Hi- searching thru threads & came across this one .. How about this issue .. 2017 Rogue SV .. Once the Blutooth is paired with my Phone after car is started .. the ONLY way to turn on my Radio is to CANCEL Voice recognition.. ? Would think that I get inot my Car - If I want the radio - all I should have to do is Push the Audio Knob - but no .. either I have to Pick up Voice Recognition , Cancel Voice Recognition & then hit knob to turn on Sound for Radio ( the channel shows up on the screen- there is just no sound ) .. OR I have to Pick up VR & SAY THE COMMAND


----------



## tckramer (Jan 15, 2018)

I just want to give another quick update. Nissan seems to have finally fixed the problem with the audio starting automatically. I was able to do a system update last week, and now the audio system remembers its state when the vehicle is turned off. So far everything working the way it should have all along. If the radio is on or off when I turn the Rogue off, it will be the same when I start it again. Finally...I don’t know why that was so hard for them to do. Also, just a tip for those who do the update, once it’s installed you’ll get a message telling you to turn off the vehicle and restart it to confirm the installation. It doesn’t work that fast. Once you turn off the vehicle, you’ll need to wait 10-15 minutes for everything to reset before you restart. Then you’ll get a message confirming that the installation was successful.


----------



## NissanGuy2018 (Nov 19, 2018)

Hi; newbie member and Nissan owner here!

I haven't had the issue that the Original Poster described, but I have a question/issue that this might be the right thread to post on.

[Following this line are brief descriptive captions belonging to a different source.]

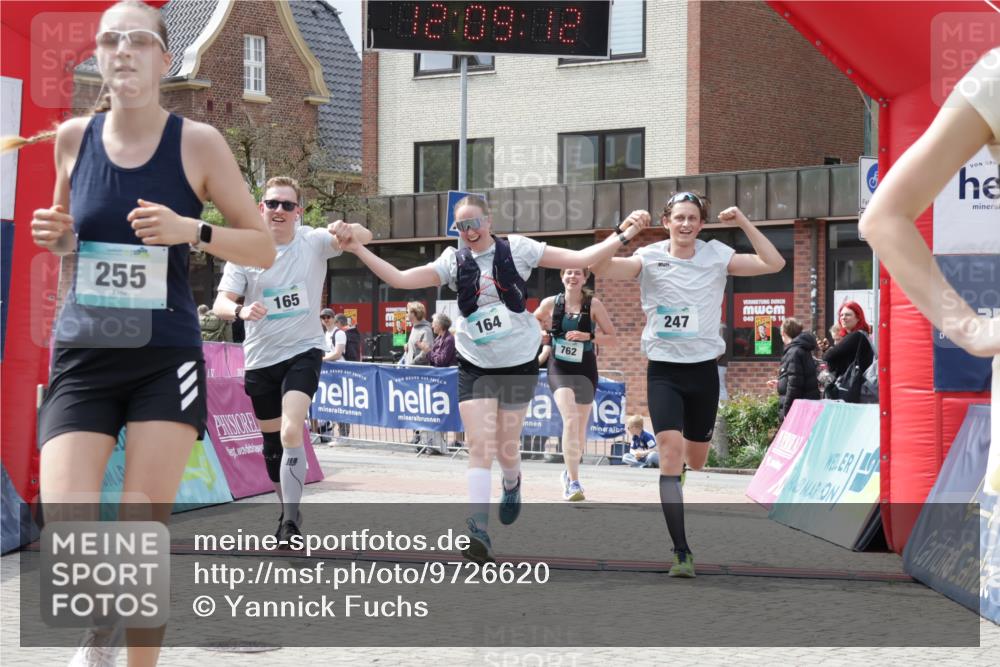 10.05.2026 - 8. Wedeler Halbmarathon Yannick Fuchs http://msf.ph/oto/9726620 10.05.2026 12:09:10 Ziel 132, 164, 165, 247, 255, 483, 762, 1039 meine-sportfotos.de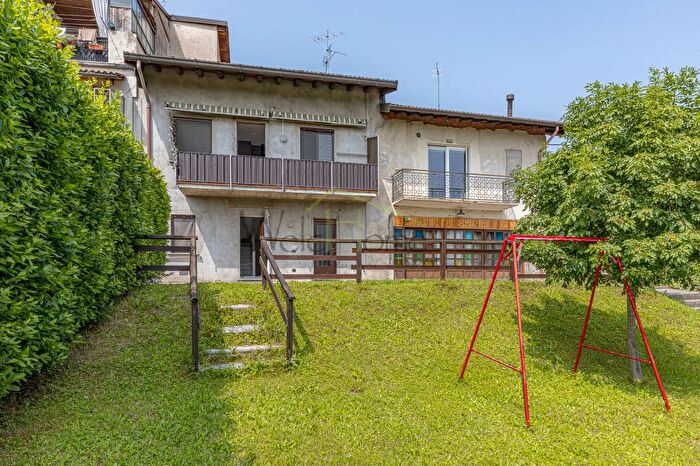 Casa quadrilocale in vendita in Via Brianza, Tavernerio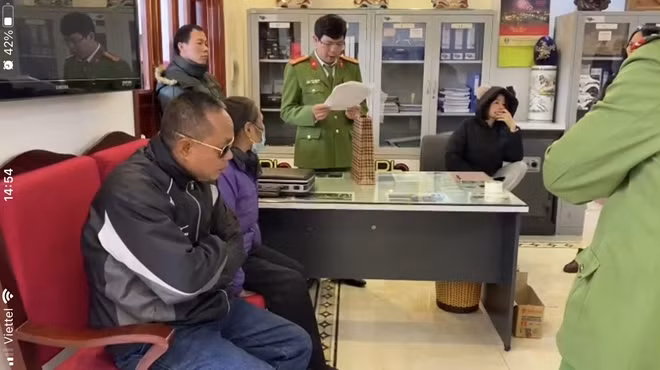 Cơ quan CSĐT Công an TP Hải Dương thực hiện lệnh khám xét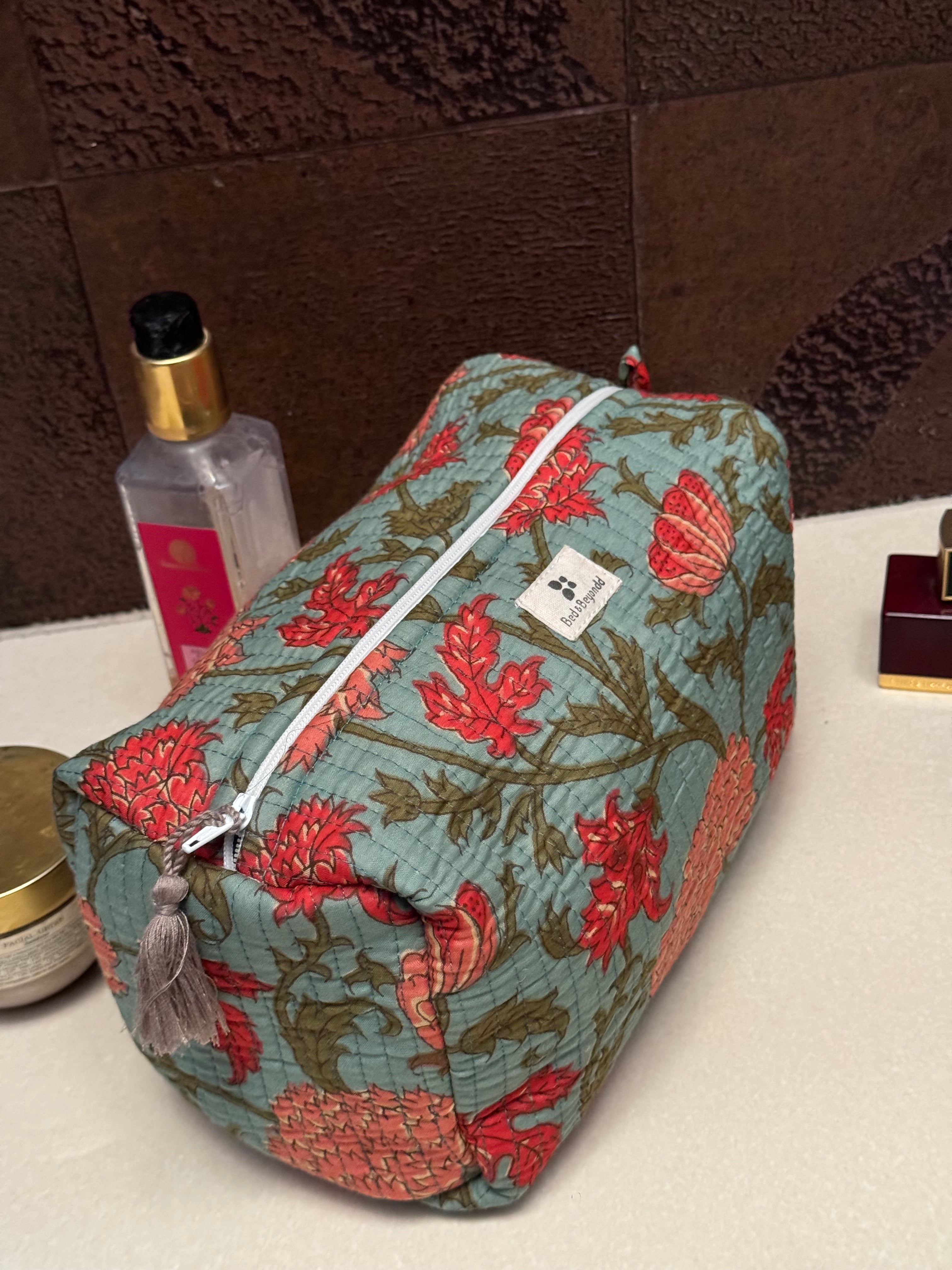 MULTI PURPOSE TOILETRY BAGS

My family just bought the 2018 Rogue SV. Beautiful vehicle, wonderful sound system, but the HD Radio touch screen button is nowhere to be found. 

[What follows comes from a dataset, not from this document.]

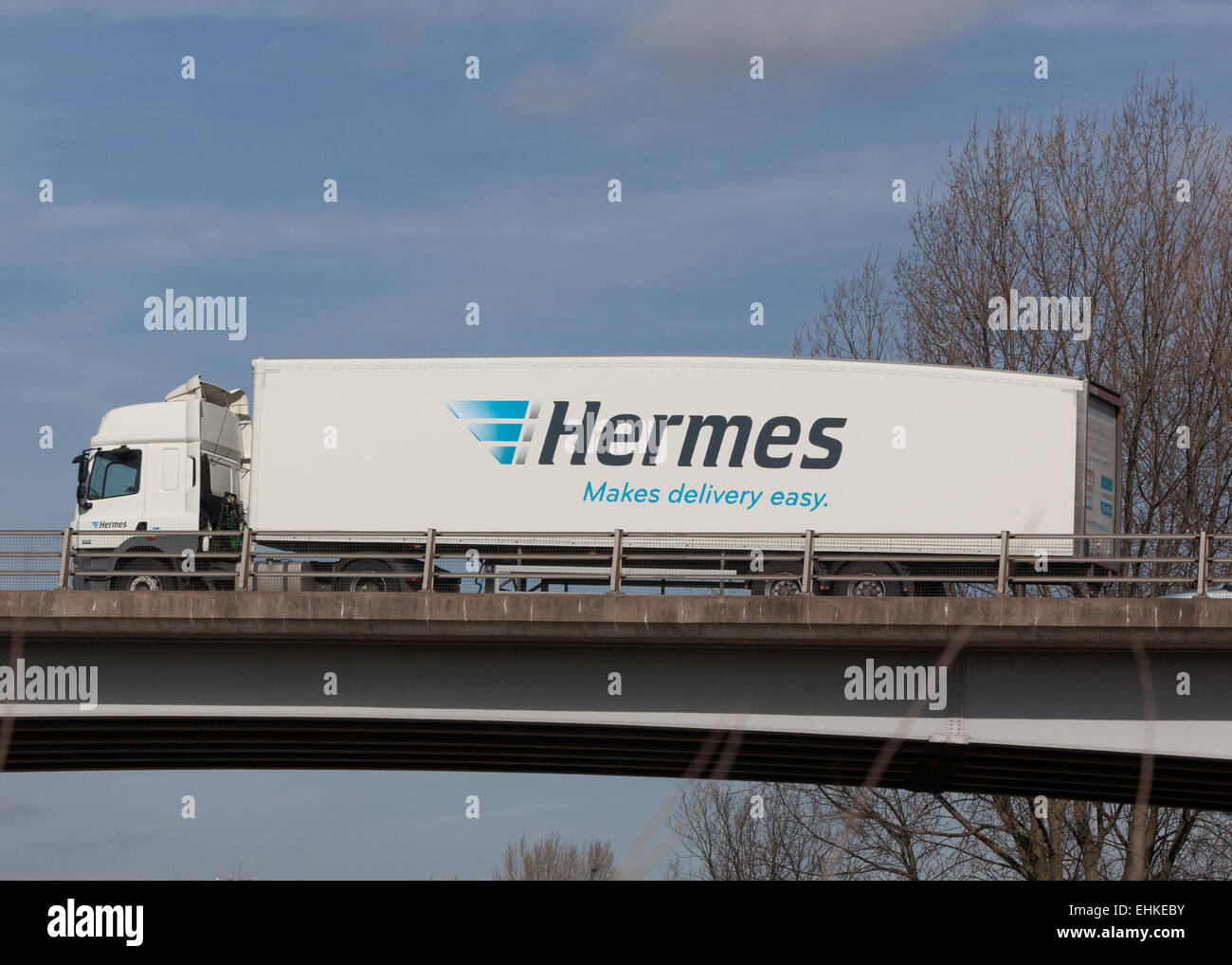 Hermes parcels hi-res stock photography and images - Alamy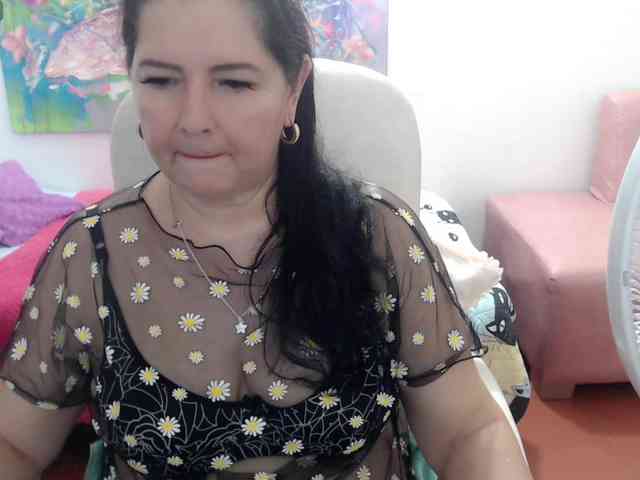 leonela webcam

It's my understanding that the HD Radio chip (for over the air AM and FM) was standard across the NissanConnect systems for the Rogue. My car has the NissanConnect® featuring Apple CarPlayTM and Android AutoTM.

The owner has NOT signed up for Nissan Connect yet and I downloaded and installed an update about 2 weeks ago. Am I missing something that "unlocks" the HD feature or gets it to appear?


----------



## rino1965 (Nov 29, 2018)

Hi, How did you do the update? Thank you


----------



## NITA2018 (Dec 6, 2018)

*radio issue*

I just brought a new 2018 rogue . I also had the radio issue . I ave since then updated. the manual says you cant use your phone to hotspot but thats what i did. go into connections and connect and do the software update . once thats completed it fixed the radio issue


----------



## NissanGuy2018 (Nov 19, 2018)

To update the system, I connected the car's Wi-Fi to my home router since the signal was strong enough, and ran the update.

It did nothing.

Defective radio? Wrong radio for that car?


----------



## Crackon4488 (Dec 1, 2018)

I bought a new 2018 Nissan Rogue SL a few weeks ago and after reading about this,I just went out to the garage and started it up.I had the audio set for usb and it came on automatically after a few moments.I then pressed the power button off and the screen showed "audio off"..I turned off the vehicle and waited a few minutes for everything to shut down.I started it up again and the screen continued to show "audio off"..Guess mine works as it should.....so far....


----------



## lei1313 (Jan 8, 2019)

*2018 Rogue SV HD Radio*



NissanGuy2018 said:


> Hi; newbie member and Nissan owner here!
> 
> I haven't had the issue that the Original Poster described, but I have a question/issue that this might be the right thread to post on.
> 
> ...


Hi. I have the same issue with Nissan Rouge 2018. Opened case#34071230 with Nissan Consumer Affaires. They called back and said car does not have HD Radio even package specs clear that Nissan Connect with Apple play and Android play must have it. Nobody care. They said I can go to court or do what ever I want. Nice service….


----------